昔は100分だったから理解できないと大変だったけどさ。その分細切れで
きつくなったとこもありそうだけど。とりあえず予習だけさくっとやって
授業で分からないとこは誰かに聞くことだね。お父さんがベストだけど
ざっと教科書見せてもらった限りでは私達でも大丈夫そう。一番良いのは
お父さんに授業で終わった部分の教科書へ直接書き込んでもらうこと
なんだけど・・・」
「だが家庭科とかは断る。小学校までしか家庭科無かったし公民なんざ
受けたこともない。どうせ大学受験なんてお勉強というか受験職人の技術だ。
基礎さえ頭に入ってれば受験勉強そのものは1年も必要ないよ」
「何だか凄いことをさくっと言ってるような・・」
「いいかい、模擬試験を受けても経験値なんざ手に入らない。
自分の立ち位置が確認できるだけ。
受験技術は反復練習と学習でしか向上しないよ。
逆に言えばそれだけのものでしかないんだ。物覚えの良し悪しはあるだろうけど
2倍の能力がある秀才でも3倍の時間を突っ込まれるか3倍の
効率で学習されたら絶対に負ける。まぁそれなりに秀才ってのは勉強するけどね」
「何とかなるから心配しないでいいよ。
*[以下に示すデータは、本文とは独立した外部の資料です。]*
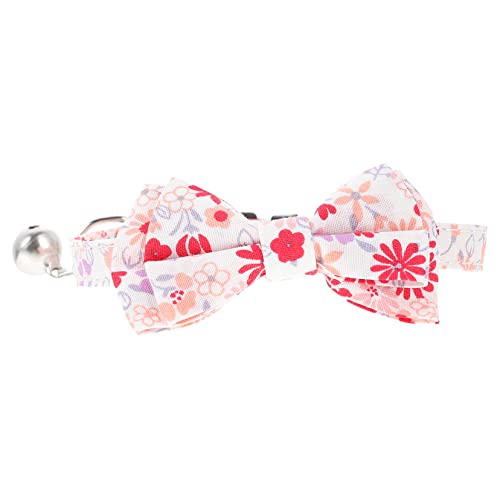 YARNOW Haustier Katzenhalsband Kitten katzenzubehöhr für zubehör für Bowtie weihnachtsdeko Dekorationszubehör für Haustiere Partygeschenke Baumwolle rot von YARNOW
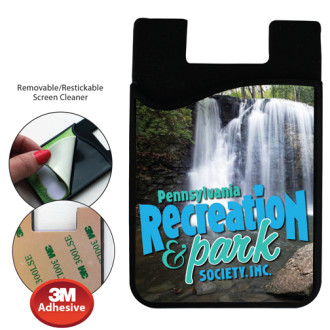 Smart Wallets with Microfiber Screen Cleaner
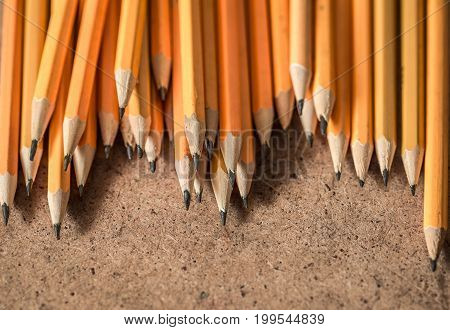 A Variety Of Graphite Pencils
私達もそうだったし、お父さんの時代は
もっと凄かったらしいけどさ」
「別に凄くはなかったよ。3年の夏休み直前まで遊んでていささかやばかったけど」
「女子から手紙貰ったり付き合ったり忙しかったらしいよ」
「無い無い。携帯なんて無い時代だし電話も家にあるダイヤル回す黒電話だもん
長電話とかできない。それでも付き合ってたのはいたけどな」
「そういえば、メルアドとか携帯番号聞かれたりした?」
「えっと・・付き合ってくれと言われてごめんなさいしたのが5人、メルアドや
電話番号書いたメモが10枚位、教えてくれと言われた人数は覚えてないですよー
女子の何人かだけで番号とアドレス交換したけど」
「ふーん軽く見られたもんだねぇ。そのうちに鉄壁女とか呼ばれたりして」
「それもちょっと嫌だなぁ・・」
「でも、考えが短絡的だねーというか、会ってその場で付き合えと言える神経が
よく分からないな。私達のときは最初はそうでもなかったから少しは中身も見て
くれたんだろうけど、貴美ちゃんは破壊力凄すぎ。今度渋谷とか原宿行ってみよう」
「ファッションとか流行とかあんまり興味ないですから、神保町あたりをゆっくり
歩いてみるのが先ですよ。渋谷とかはそのうちに」
「滝沢家の発祥は神保町だからな。お父さんの住んでいた場所も案内してあげる。